* [Task requirements] Please write the listing below out again exactly, leaving every picture behind.

Data extract Start Marker

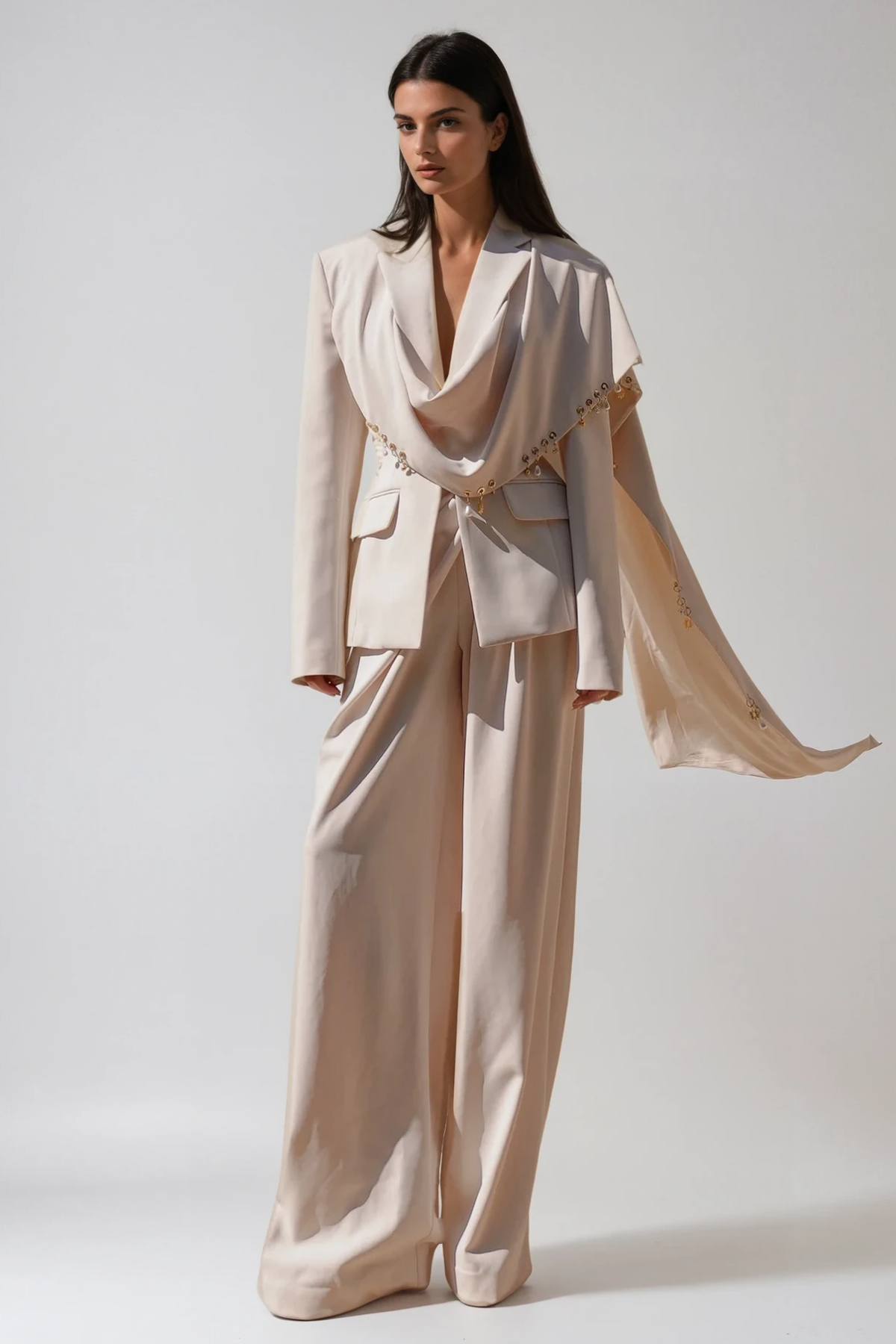 Elegantly Styled Garment for Everyday Wear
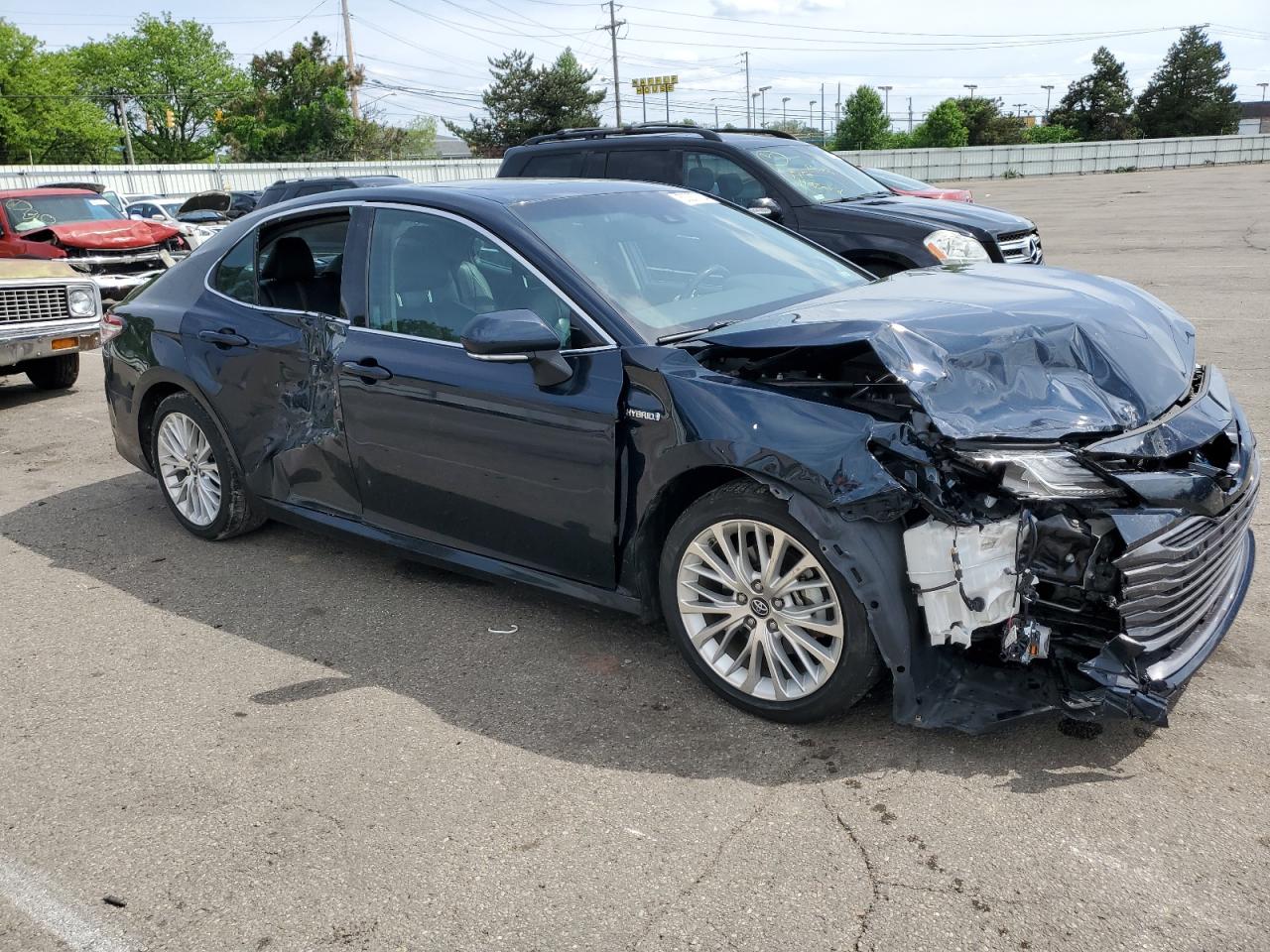 4T1B21HK5JU510736 2018 Toyota Camry Hybrid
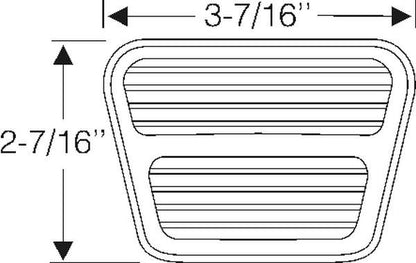 Brake Pedal Pad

Data extract End Marker

* [Answer for this exercise]
 Elegantly Styled Garment for Everyday Wear
 4T1B21HK5JU510736 2018 Toyota Camry Hybrid
 Brake Pedal Pad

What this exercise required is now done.